Directions
From top to bottom, write out the listing exactly and skip every picture.

Data segment
-----

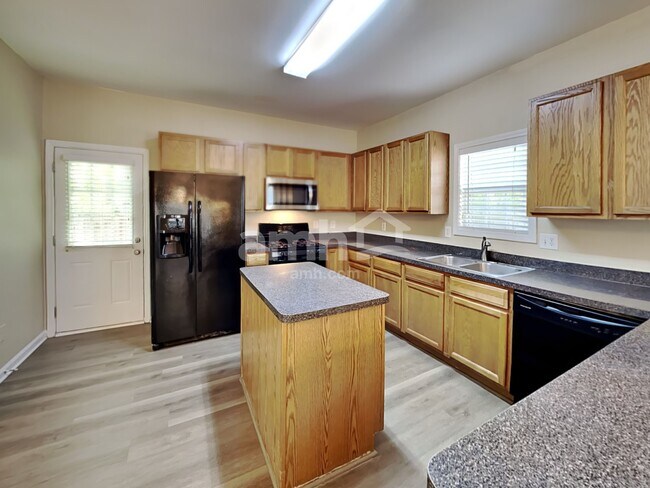 Foto del edificio - 208 Cole Ct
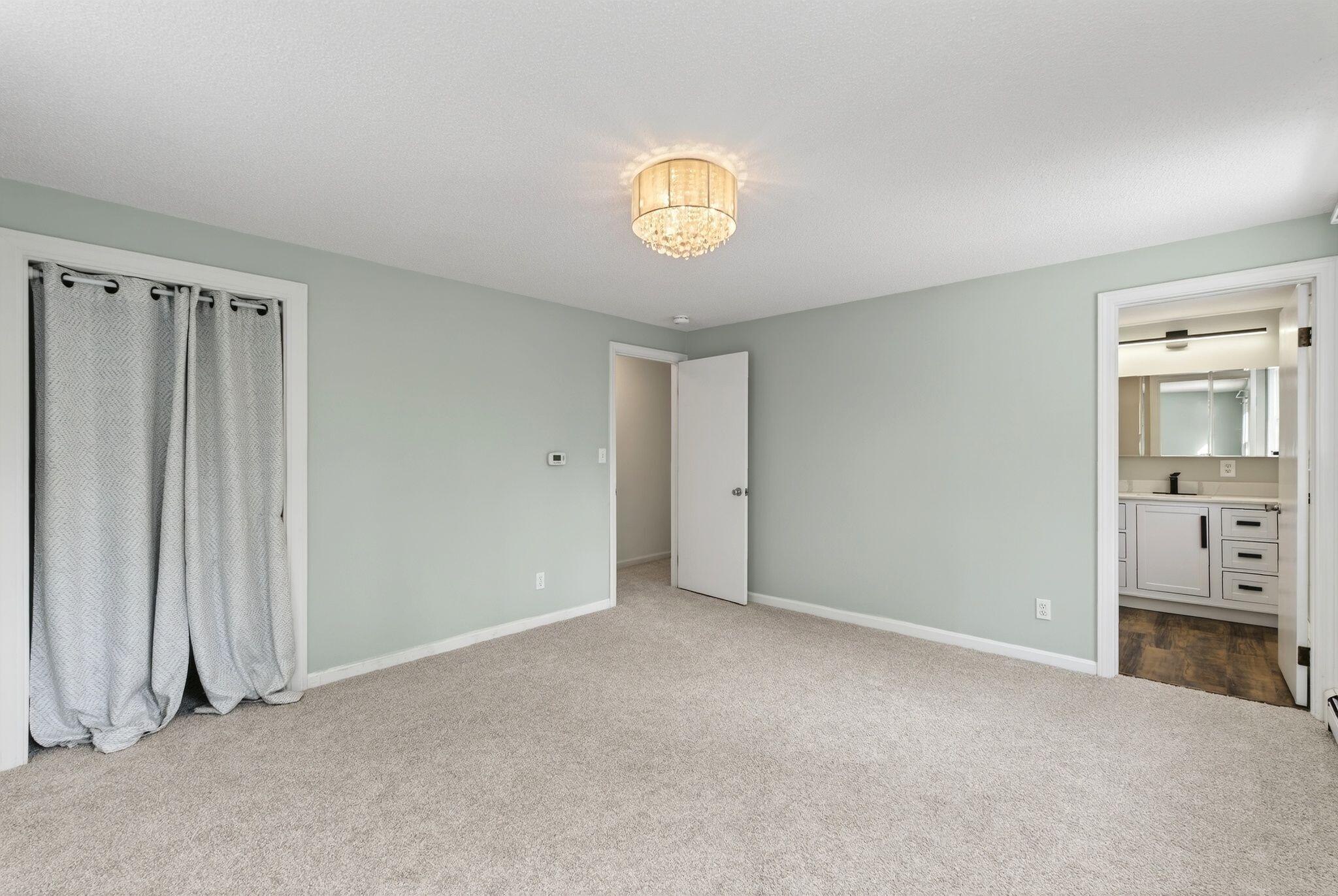 property viewer photo 32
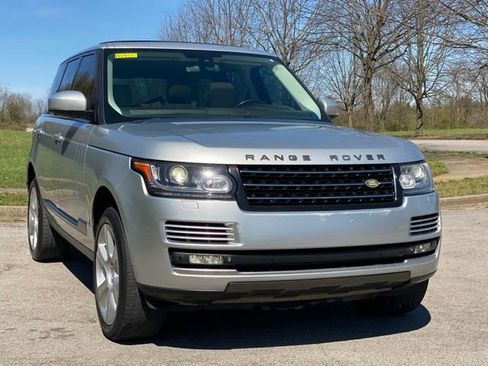 Used 2015 Land Rover Range Rover HSE image 9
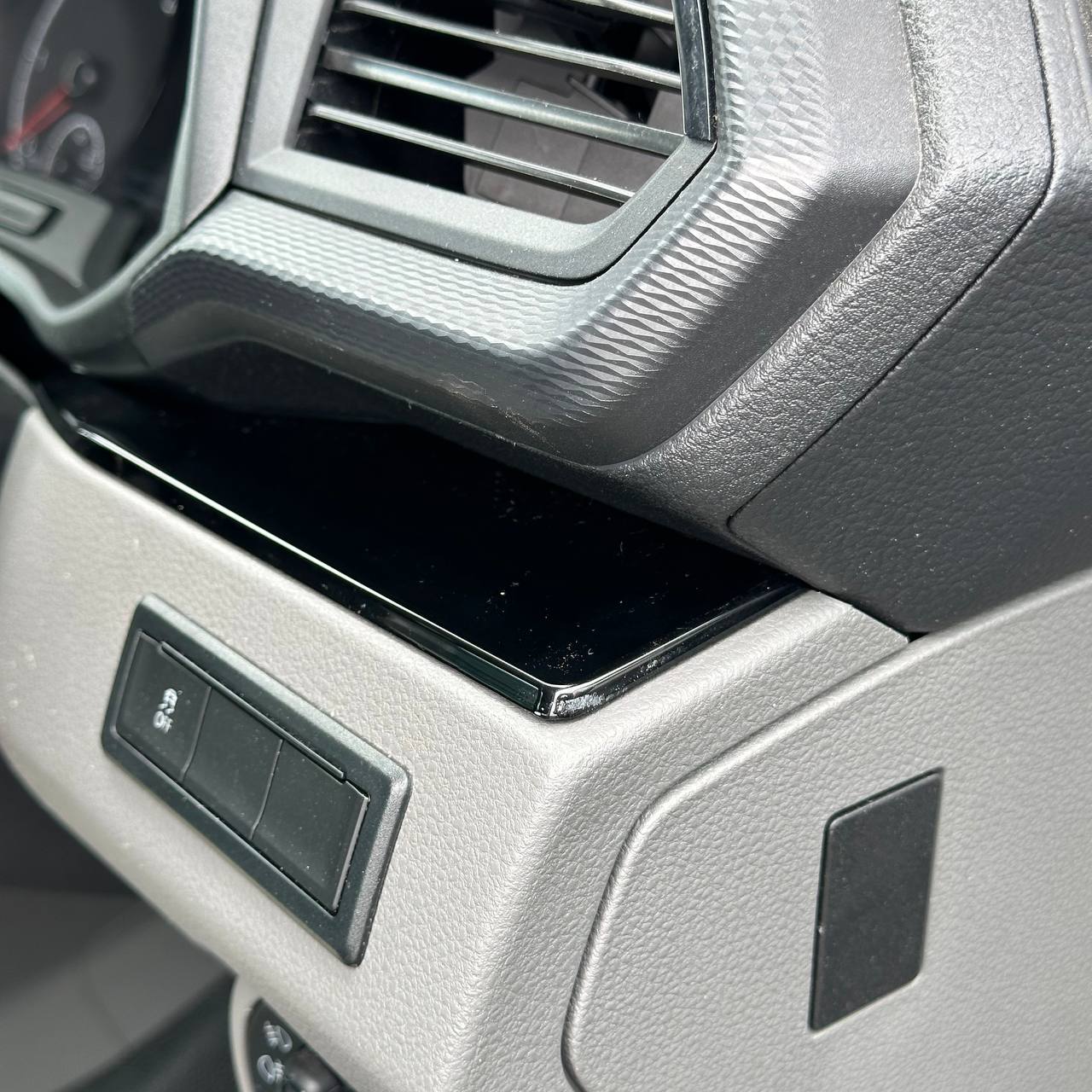 For VW T6.1 Transporter Dashboard Upgrade – 4-Piece Gloss Lower Dash Trim Set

-----

Completed task
 Foto del edificio - 208 Cole Ct
 property viewer photo 32
 Used 2015 Land Rover Range Rover HSE image 9
 For VW T6.1 Transporter Dashboard Upgrade – 4-Piece Gloss Lower Dash Trim Set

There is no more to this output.